**Your instructions**. Take each line of the records below that contains the string "Luxury" and copy it.

**Dataset**.
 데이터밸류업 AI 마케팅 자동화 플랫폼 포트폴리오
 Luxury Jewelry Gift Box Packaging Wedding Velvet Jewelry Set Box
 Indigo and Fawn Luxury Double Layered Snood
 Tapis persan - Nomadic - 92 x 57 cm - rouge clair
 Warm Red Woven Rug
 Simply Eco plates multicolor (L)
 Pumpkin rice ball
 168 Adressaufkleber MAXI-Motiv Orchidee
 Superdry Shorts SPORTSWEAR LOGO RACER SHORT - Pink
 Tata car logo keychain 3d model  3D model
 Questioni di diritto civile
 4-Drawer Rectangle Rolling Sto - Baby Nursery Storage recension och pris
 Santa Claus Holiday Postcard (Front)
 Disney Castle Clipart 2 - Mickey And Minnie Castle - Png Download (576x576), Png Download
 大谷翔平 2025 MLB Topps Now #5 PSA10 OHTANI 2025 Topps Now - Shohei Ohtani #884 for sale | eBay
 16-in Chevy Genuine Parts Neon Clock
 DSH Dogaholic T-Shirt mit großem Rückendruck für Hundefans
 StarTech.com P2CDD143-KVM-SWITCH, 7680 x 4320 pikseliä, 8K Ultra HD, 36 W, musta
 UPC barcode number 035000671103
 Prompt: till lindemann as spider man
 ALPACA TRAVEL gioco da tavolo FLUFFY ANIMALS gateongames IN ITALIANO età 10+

**Solution for this problem**.
 Luxury Jewelry Gift Box Packaging Wedding Velvet Jewelry Set Box
 Indigo and Fawn Luxury Double Layered Snood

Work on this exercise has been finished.